Dr Nell De Graaf   14/04/2022 10:26:06 AM

Rheumatic fever only died out in other communities when people got good plumbing ,washed regularly with soap and had houses without crowding and decent nutrition.
Chucking antibiotics around and blaming health workers wont work


Prof Max Kamien, AM. CitWA   14/04/2022 12:08:59 PM

From 2016 to 2019 I was a regular locum at an Aboriginal Medical Service in the Far-West of New South Wales. Every day I would see between two and six school age children with boils.

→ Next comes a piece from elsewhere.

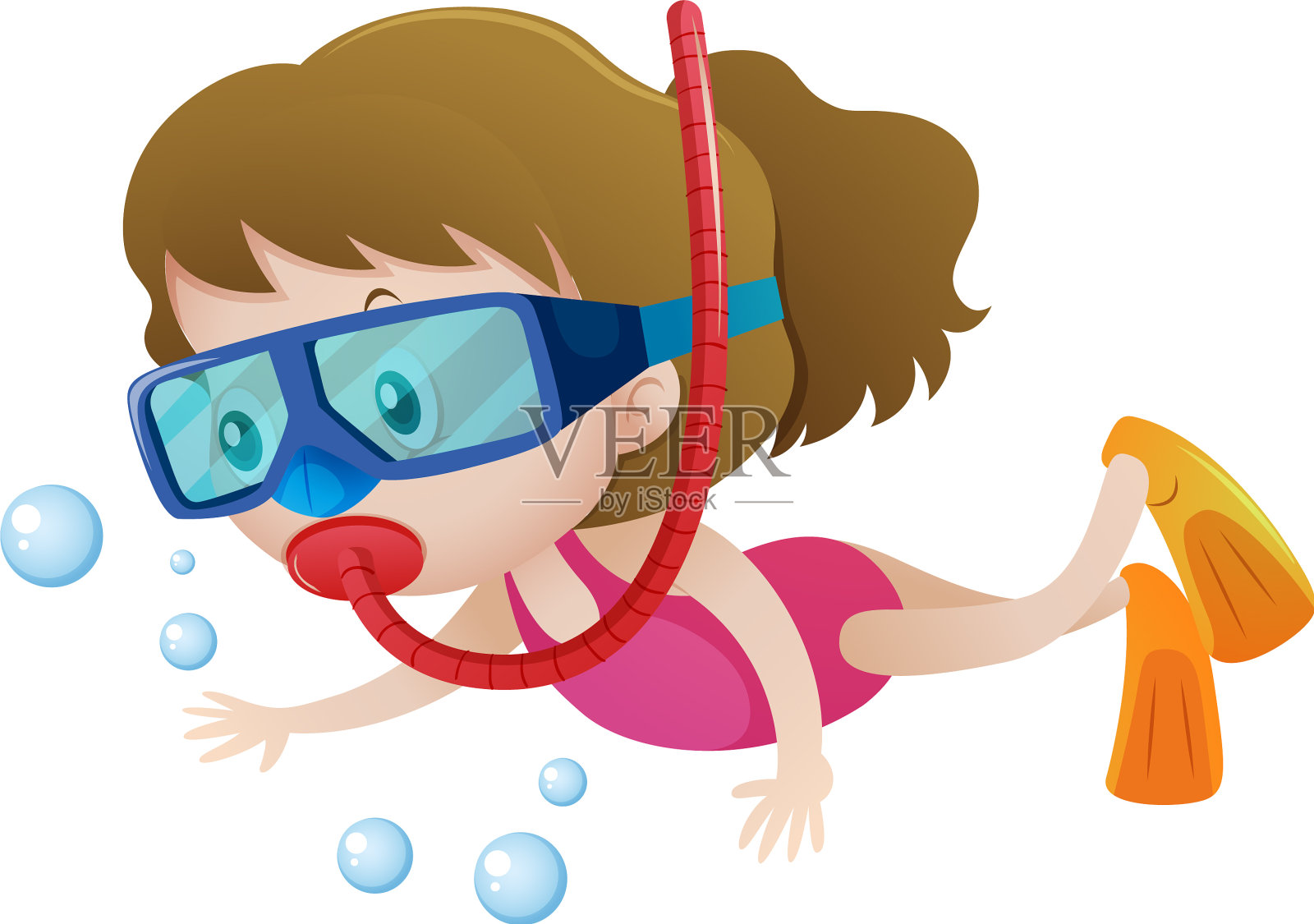 小女孩潜入水中插画图片素材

Bacterial culture invariably grew a mix of MRSA and Streptococcus. The streptococci are undoubtedly the cause of the endemic cases of rheumatic fever. Rheumatic Fever is a notifiable disease but MRSA and streptococcal skin infections and boils are not. Public Health Units seem uninterested or lack the resources to devote to tackling the social and environmental determinants of rheumatic fever.
The MJA has been publishing articles about this need for at least 70 years. An old academic cynic, such as I, can only conclude that it is easier to write papers about rheumatic heart disease than to find the considerable resources that are needed to prevent it.


Dr Nyen Ling Yoong   18/04/2022 9:19:15 AM

Great end game. Meanwhile, Strep infections need to have appropriate treatment. Oral medication is often not completed. There has been many papers written, but little progress in eradication. It is a great shame.